■ Problem requirements
Beginning at the line containing "Достопримечательность Английский замок, Грозный, фото", give again every line through the end of the data, unchanged and with both ends included. Drop any pictures.

■ Data provided
------------------------

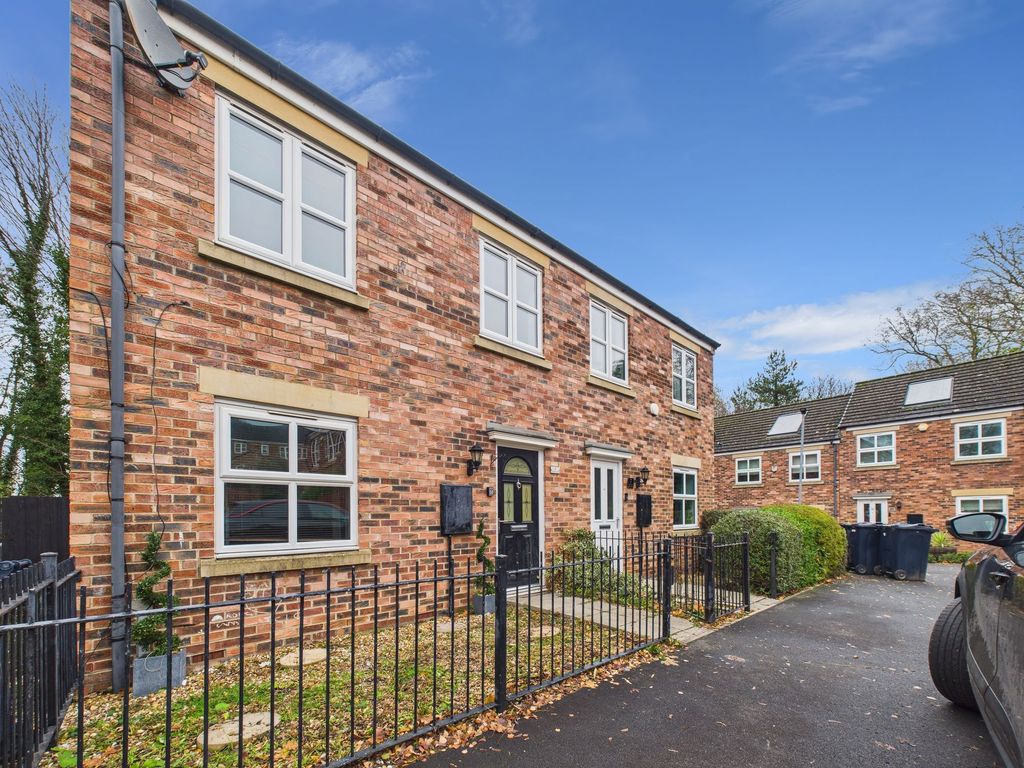 Property photo 1 of 11 External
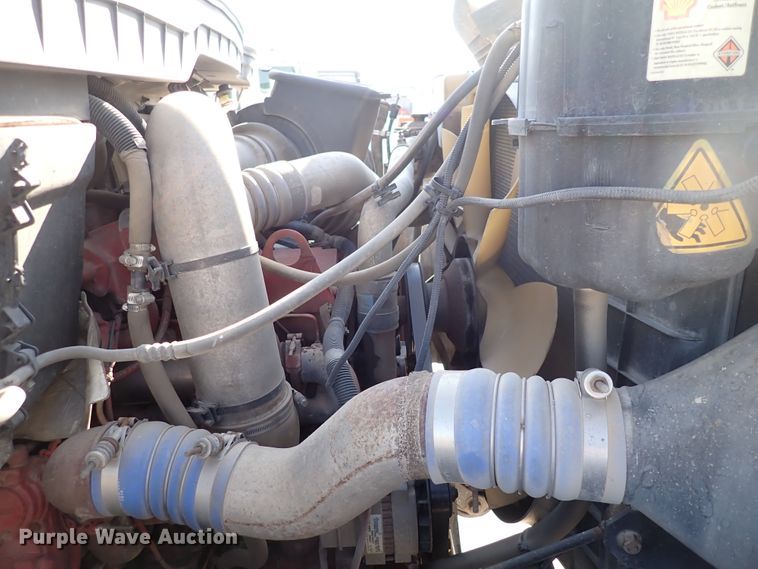 image for item DK4655 2008 International 7600  vacuum truck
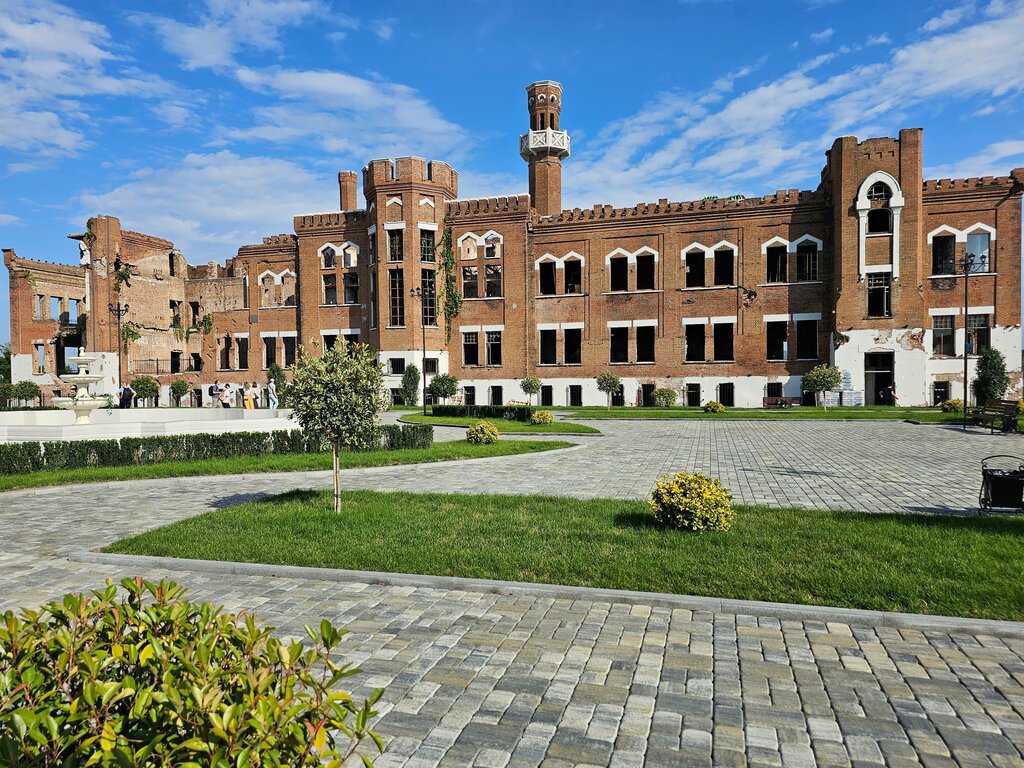 Достопримечательность Английский замок, Грозный, фото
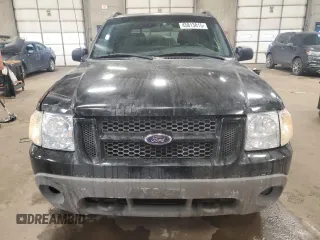 2001 Ford Explorer Sport Trac z VIN 1FMZU77E01UA08076, wystawiony jako Copart lot #45813815 z przebiegiem 158 780 mil mil oraz Czysty tytuł • Clean title. Historia ofert i sprzedaży dostępna na DreamBid. Obrazek 5.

------------------------

■ Written response
 Достопримечательность Английский замок, Грозный, фото
 2001 Ford Explorer Sport Trac z VIN 1FMZU77E01UA08076, wystawiony jako Copart lot #45813815 z przebiegiem 158 780 mil mil oraz Czysty tytuł • Clean title. Historia ofert i sprzedaży dostępna na DreamBid. Obrazek 5.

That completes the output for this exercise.